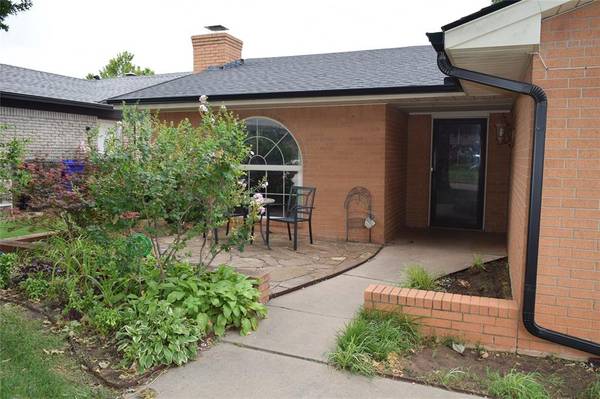 3649 Sunvalley DR, Midwest City, OK 73110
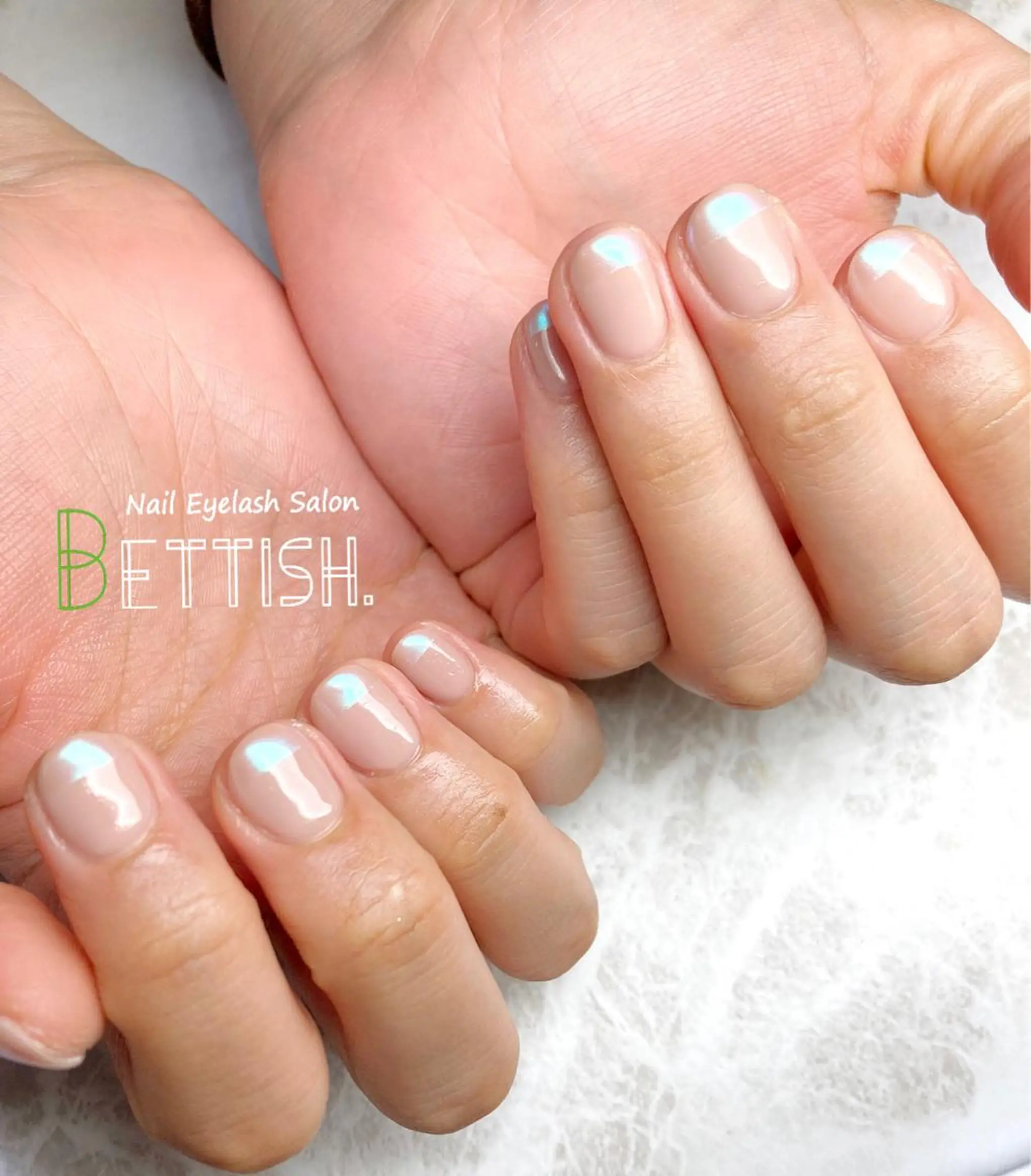 ネイル オーロラネイル フレンチネイル BETTISH. KUMIKO☺︎︎のネイルデザイン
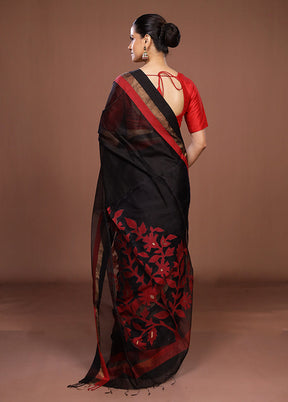 Black Matka Silk Saree With Blouse Piece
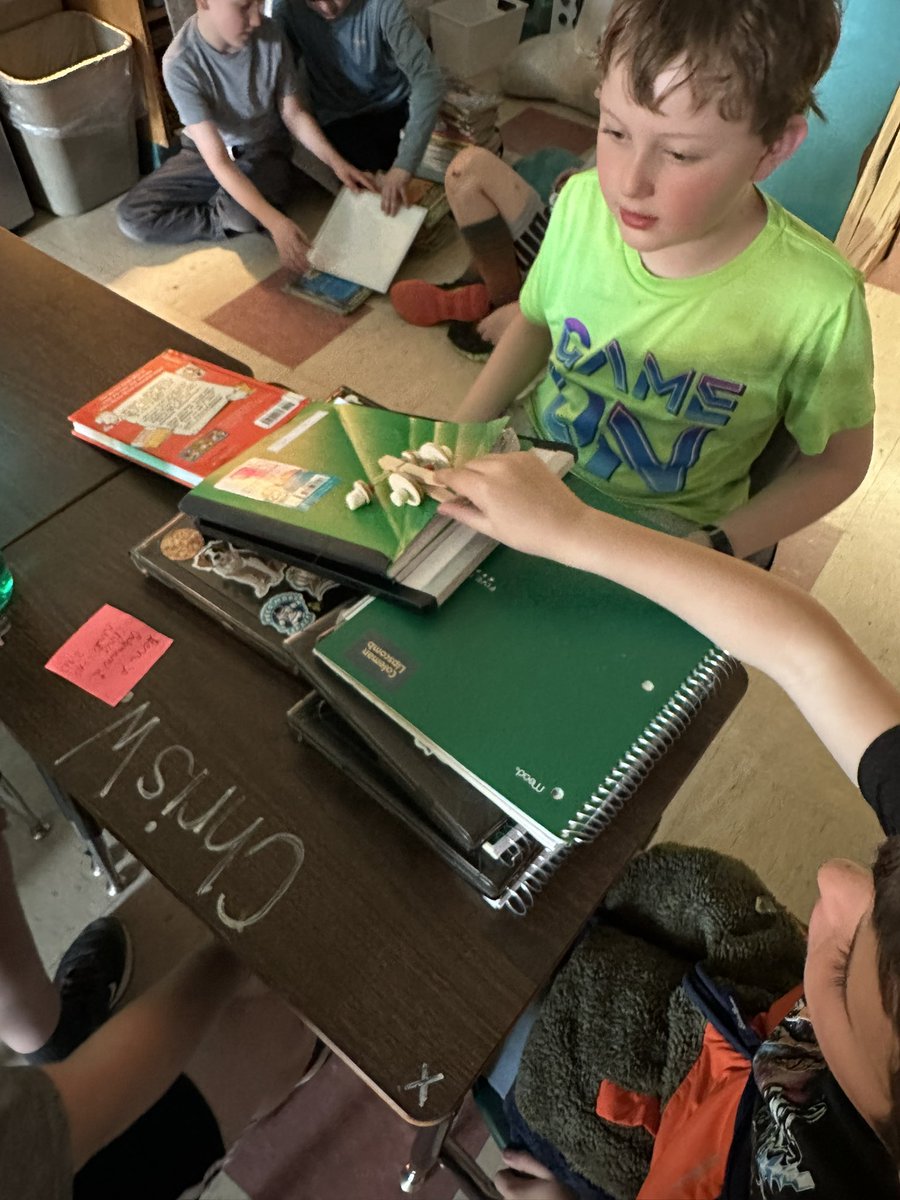 Sarah Dutoi tweet media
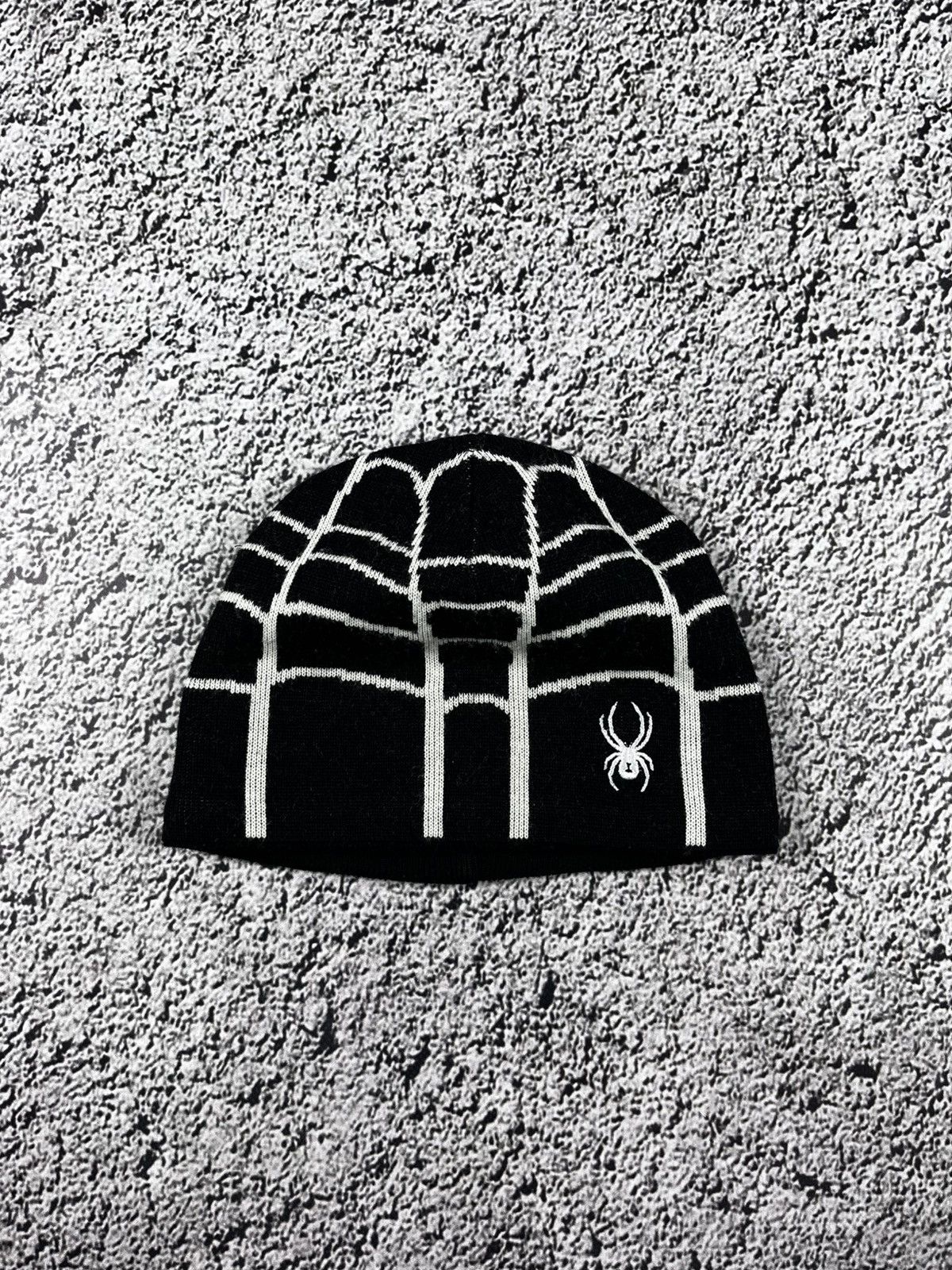 Spyder Vintage Y2K spider spiderweb beanie winter hat opium Size ONE SIZE - 1 Thumbnail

What is being asked. Beginning with the line that contains "ネイル オーロラネイル フレンチネイル" and ending with the final line of the entries, every line must be copied exactly; the pictures must not.

Response below.
 ネイル オーロラネイル フレンチネイル BETTISH. KUMIKO☺︎︎のネイルデザイン
 Black Matka Silk Saree With Blouse Piece
 Sarah Dutoi tweet media
 Spyder Vintage Y2K spider spiderweb beanie winter hat opium Size ONE SIZE - 1 Thumbnail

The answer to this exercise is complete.